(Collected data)
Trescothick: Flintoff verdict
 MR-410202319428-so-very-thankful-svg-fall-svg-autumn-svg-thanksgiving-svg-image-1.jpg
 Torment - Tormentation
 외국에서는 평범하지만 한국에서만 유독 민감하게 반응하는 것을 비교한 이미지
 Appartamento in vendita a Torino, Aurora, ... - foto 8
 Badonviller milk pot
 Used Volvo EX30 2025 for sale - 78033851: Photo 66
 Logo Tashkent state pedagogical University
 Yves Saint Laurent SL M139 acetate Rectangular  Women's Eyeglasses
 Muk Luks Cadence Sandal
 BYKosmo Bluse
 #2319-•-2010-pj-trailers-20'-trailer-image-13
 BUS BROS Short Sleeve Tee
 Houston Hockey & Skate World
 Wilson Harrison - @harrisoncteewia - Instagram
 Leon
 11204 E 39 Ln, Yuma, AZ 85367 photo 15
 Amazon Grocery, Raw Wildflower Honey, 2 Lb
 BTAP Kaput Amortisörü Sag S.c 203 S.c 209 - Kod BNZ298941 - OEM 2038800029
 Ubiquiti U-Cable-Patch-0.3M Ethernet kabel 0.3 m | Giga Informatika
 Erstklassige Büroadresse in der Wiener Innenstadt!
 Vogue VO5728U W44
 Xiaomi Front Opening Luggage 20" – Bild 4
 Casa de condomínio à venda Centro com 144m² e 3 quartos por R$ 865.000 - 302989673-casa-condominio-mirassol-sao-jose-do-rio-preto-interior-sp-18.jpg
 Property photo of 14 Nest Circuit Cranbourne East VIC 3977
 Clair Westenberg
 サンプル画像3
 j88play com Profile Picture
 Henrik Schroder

(Assignment) Return exactly the lines of the data, and only those, from the line with "Erstklassige Büroadresse in" through the last line, inclusive.

(Answer space)
 Erstklassige Büroadresse in der Wiener Innenstadt!
 Vogue VO5728U W44
 Xiaomi Front Opening Luggage 20" – Bild 4
 Casa de condomínio à venda Centro com 144m² e 3 quartos por R$ 865.000 - 302989673-casa-condominio-mirassol-sao-jose-do-rio-preto-interior-sp-18.jpg
 Property photo of 14 Nest Circuit Cranbourne East VIC 3977
 Clair Westenberg
 サンプル画像3
 j88play com Profile Picture
 Henrik Schroder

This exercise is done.